In an email to Bloomberg about the US politician’s letter, Loro Piana points out that it has helped preserve the vicuña population for three decades.
“We have also increased our investments in irrigation, education, and infrastructure in Peru in recent years, and are committed to dedicating additional resources to benefit local populations in the future,” the company said.
This response was criticized particularly on social media, with people accusing the company of narrative-building and merely reiterating information already available on their website, rather than providing substantive answers to the questions raised.
In 2015, LVMH boasted that the vicuña was “a species saved by Loro Piana.”
Between 1994 and 2012, the vicuña population throughout Peru surged from 66,500 to 209,000 head, according to estimates by the General Directorate of Forestry and Forest Fauna, with the population doubling after 2000.
The problem of remunerating local people does not seem to be exclusive to the Lucanas community, and can also be found in other countries traversed by the Andes, where vicuñas live.

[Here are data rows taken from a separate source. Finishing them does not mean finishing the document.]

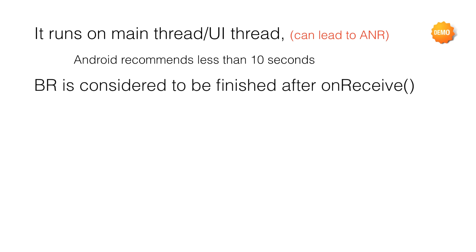The next important point is, when Broadcast Receiver completes the onReceive method execution, it is considered to be finished. This has a serious implication in the way you would use a Broadcast Receiver.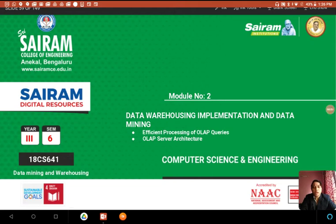In this video we are going to see module 2: data warehousing implementation and data mining. The topic we are going to cover is efficient processing of OLAP queries and OLAP server architecture.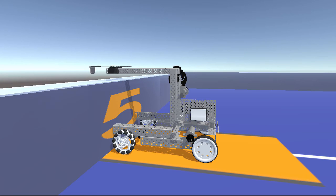For bonus points, try to get the base of the robot squarely in the bay and as close to the wall as possible.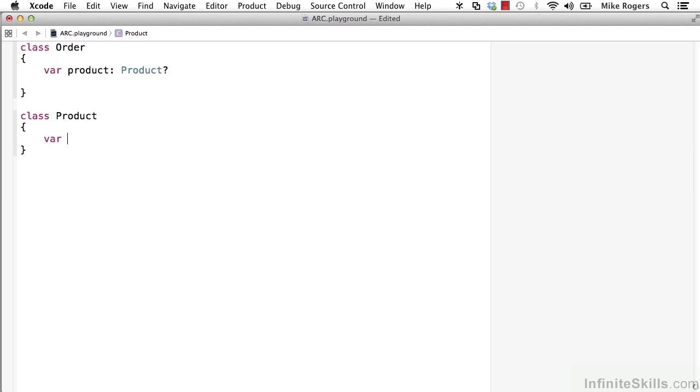And in here we're going to want a reference from the product back to the order that that product is on. So here we'll do order. And since at first we're not going to assign them, we'll have to use optional variables for both of these.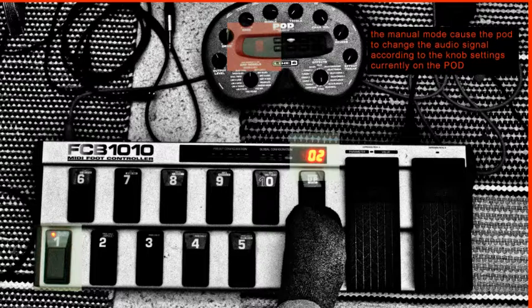This indicates that the pod is in manual mode and will affect the audio signal according to the setting currently visible on the pod.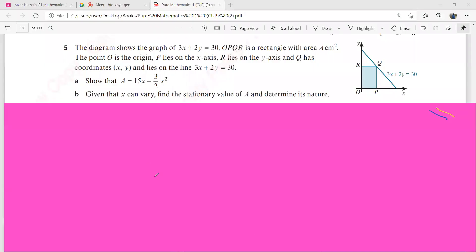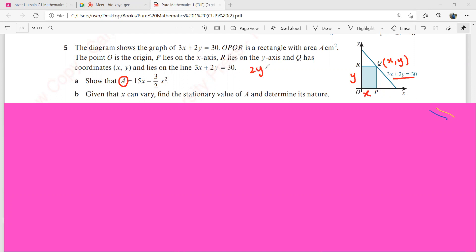Fifth question. The diagram shows the graph of this. OPQR is a rectangle with area A. The point O is the origin, P lies on the x-axis, R on the y-axis. Q has the coordinates x, y. We have to show that the area — this area is basically the area of this rectangle. The length of this rectangle is x and the width is y. And remember, this y can be obtained in terms of x from the given equation. So from 2y plus 3x equals 30, we get y equals 15 minus 3 over 2 times x.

A regional study carried out in 2022 by the Argentine government’s National Council for Scientific and Technical Investigation estimated that “Andean communities receive around 3% of the value generated by the vicuña fiber chain”.
In 2013, Loro Piana expanded its operations in Argentina by obtaining the shearing rights to 85,000 hectares of land. Under this agreement, the company assumed responsibility for the management and growth of wild vicuña populations. Production in the country primarily comes from private ranches affiliated with Loro Piana and other private enterprises.